Large scale research: Doing research with five year olds, three state departments and national curriculum bodies.

Year: 2012

Author: Dixon, Mary, Taylor, Anthony

Type of paper: Abstract refereed

Abstract:

Chair Julianne Moss

The difficulties faced by participants at all levels of curriculum implementation have highlighted the complex nature of such processes.  Failures to successfully implement and sustain curriculum innovations in education have been well documented . The Australian History curriculum initiative raises two major change issues: professional learning/identity for teachers and the transnational scope of the process. It also provides an opportunity for curriculum developers to undertake large scale research which works at both the macro level of national curriculum development and implementation and the micro work of teachers and earners inside classrooms. Our work in this project has challenged us to find ways to do research where the macro and the micro are not only addressed and analysed but are also seen to inform each other.

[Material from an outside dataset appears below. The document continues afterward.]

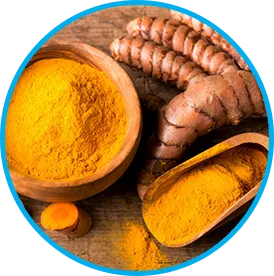 Himalayan Turmeric rhizome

This ARC funded project uses a mixed method approach including surveys and interviews of stakeholders and longitudinal case studies to examine the following research questions:

(Q.1) How do education departments, government bodies, pre-service teacher education providers and subject associations support or facilitate professional learning, teacher identity and practice in this new curriculum area? How does this reconfigure curriculum theorising on an Australian level?

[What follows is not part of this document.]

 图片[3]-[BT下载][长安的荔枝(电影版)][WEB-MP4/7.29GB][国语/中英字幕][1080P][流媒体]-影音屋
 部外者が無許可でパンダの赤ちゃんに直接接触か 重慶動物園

(Q.2) How do primary teachers effectively teach the knowledge, skills and values of

History? What can be identified as successful pedagogical content knowledge for History in these settings?

(Q.3) How do primary students productively engage with the knowledge, skills and

values of History?

(Q.4)  How is the discipline of History reconstructed by the Australian curriculum initiative?

Data has been collected across disparate sites: offices of government curriculum authorities and professional associations, school staff rooms and primary classrooms. Case studies in 22 schools across Queensland, Victoria and New South Wales are being carried out over fifteen months in 2012 and 2013.   These case studies are providing a significant data base of the dialectical interrelationships of History content, students, teachers and environments. By utilizing a research design that works between the specificities of case study and large-scale macro curriculum analysis, the power of curriculum to position and reposition teachers, students and knowledge is evident. The challenge to maintain substantial and informed analysis across disparate data sets has largely been met in this work but raises questions for large scale research and for up scaling case study research.